[THE DATA Boundary: Start]
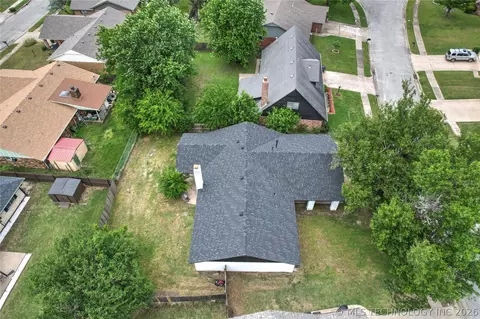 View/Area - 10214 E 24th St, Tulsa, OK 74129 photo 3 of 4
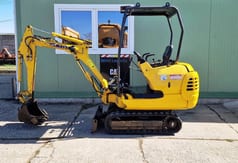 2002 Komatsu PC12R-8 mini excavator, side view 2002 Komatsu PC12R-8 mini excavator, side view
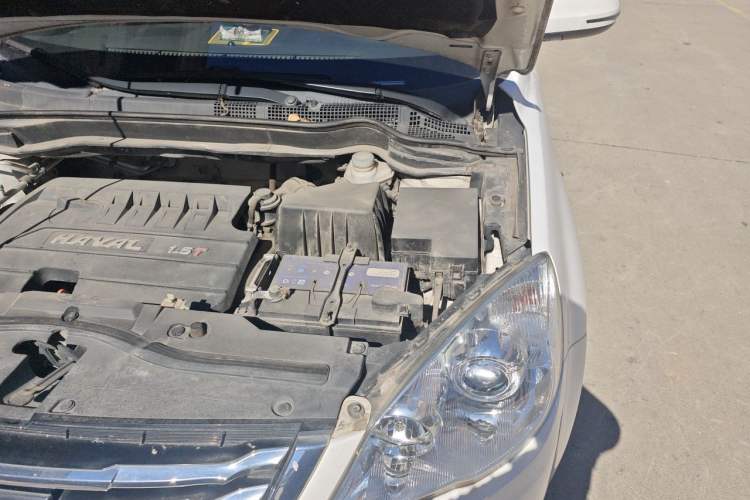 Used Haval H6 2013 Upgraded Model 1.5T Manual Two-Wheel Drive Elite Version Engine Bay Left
[THE DATA Boundary: End]
[THE DATA Boundary: Start]
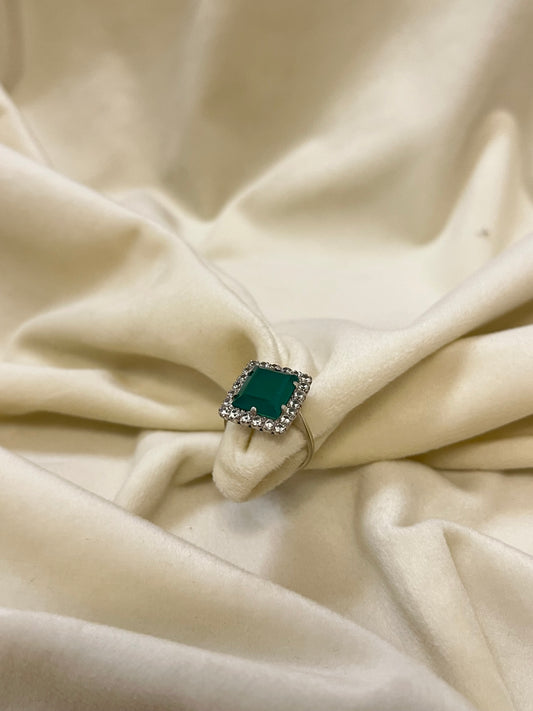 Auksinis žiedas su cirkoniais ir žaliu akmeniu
[THE DATA Boundary: End]
* REQUIRED ACTION: Start at the line containing "2002 Komatsu PC12R-8 mini excavator, side view 2002" above and stop at the line containing "Used Haval H6". Output those lines exactly, both included, but none of the pictures.

* EXPECTED ANSWER:
 2002 Komatsu PC12R-8 mini excavator, side view 2002 Komatsu PC12R-8 mini excavator, side view
 Used Haval H6 2013 Upgraded Model 1.5T Manual Two-Wheel Drive Elite Version Engine Bay Left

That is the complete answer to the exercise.